Congratulations, on the new lathe.  South Bends, in my opinion, are well worth the money and any trouble to put them in good repair, They have "Good Bones".  I will take old iron over some new machines anytime.  All the tooling that goes with it will be well worth the investment. Enjoy!

Richard


----------



## benmychree (Apr 18, 2022)

Without pics it does not exist ---


----------



## jpfrog (Apr 18, 2022)

benmychree said:


> Without pics it does not exist ---


Ha!  Technically, it doesn't exist, yet.  It probably won't get here for another couple of weeks.


----------



## benmychree (Apr 18, 2022)

jpfrog said:


> Ha!  Technically, it doesn't exist, yet.  It probably won't get here for another couple of weeks.


We will expect pics when that happens ---


----------



## jpfrog (Apr 18, 2022)

benmychree said:


> We will expect pics when that happens ---


Will do! In the meantime, your location out in St.
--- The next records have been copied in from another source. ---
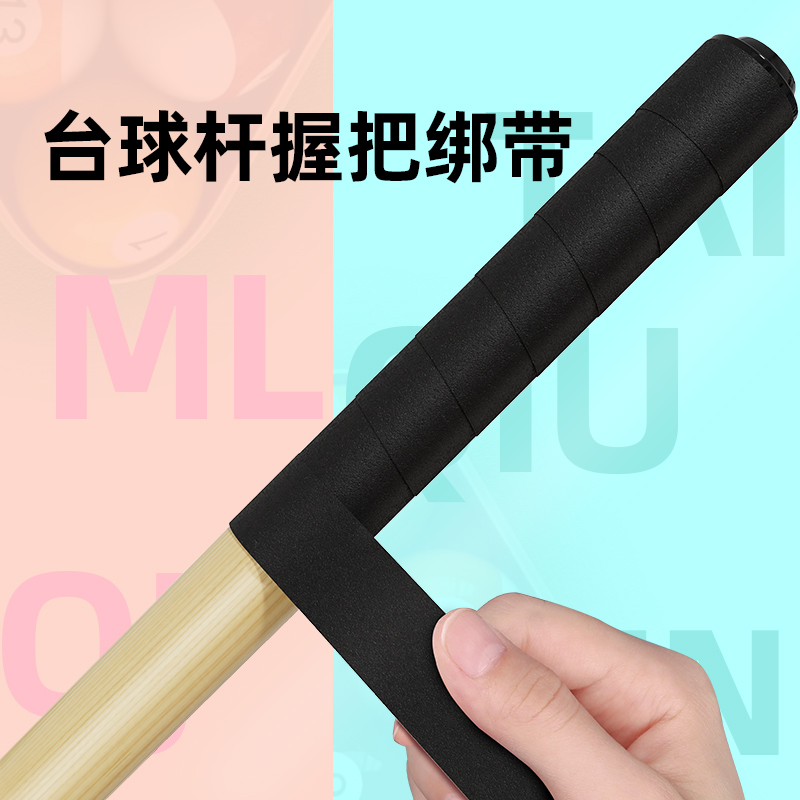米乐奇台球杆握把绑带免打孔自粘贴纸防滑神器海绵胶带泡棉缠绕带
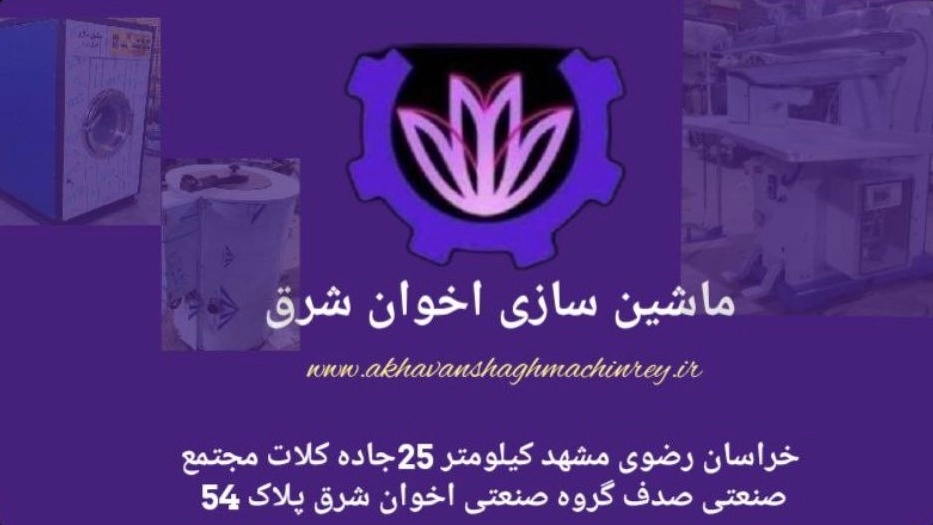 ماشین سازی اخوان شرق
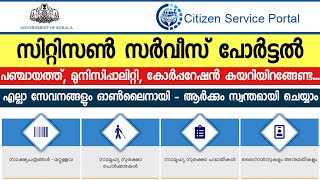 Citizen service portal Kerala  സിറ്റിസൺ സർവീസ് പോർട്ടൽ  Complete Guide [upl. by Allveta]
Helena has made me think I should open a bottle from a vineyard out there instead of popping the cork on a bourbon I was planning on having while I get dinner ready for the family.


----------



## benmychree (Apr 18, 2022)

Come 5:00, I will be having the bourbon, then some wine with dinner!  The view out our front door is mostly all vineyard, and my business catered to wineries, I retired about 10 years ago and sold the business.  The buyer did not want all the machinery so I had to bring it home (poor me).


----------



## DavidR8 (Apr 18, 2022)

Congrats and welcome to the South Bend family!


----------



## jpfrog (May 2, 2022)

Well, the SB arrived this afternoon.  I need to get an engine hoist to get the thing off the pallet, and I have some leveling pads for it once it's in its final position.  I also need to get power into the garage for it- I have the RPC already but I don't have the circuit set up yet.  So cranking this thing up will have to wait until all of that is completed.  Still, though, I am one excited guy!


----------



## DavidR8 (May 2, 2022)

That's awesome. Looks really clean!


----------



## RVbeemer (May 28, 2022)

Nice find!


----------



## dirty tools (May 28, 2022)

Nice looking machine 
if you need parts for them try 
latheman2@aol.com
i just ordered parts for my 1916 South Bend from them


----------



## benmychree (May 28, 2022)

Very nice, indeed!


----------



## Just for fun (May 28, 2022)

Congratulations,  looks really clean.


----------



## jpfrog (Jun 7, 2022)

Help!  I just got the electrician out here this week to redo some power in my house for other things, and took the opportunity to have him run all I need out to the garage and install the RPC for me.  The problem is that it appears the plug has been cut from the lathe! I didn't realize this until now, and he's ready to do the install.  I don't have any manuals for this thing to grab a wiring schematic, though it appears to be wired through an Allen Bradley box.  Does anyone know what I need to proceed here?  He's asking for a diagram or schematic to know what parts he needs to use to connect the power, but I have no idea where to start.  I plan to call the place I got the lathe from tomorrow when they're open, but since I took delivery of it so long ago, I'm sure I don't have much hope of accomplishing anything there.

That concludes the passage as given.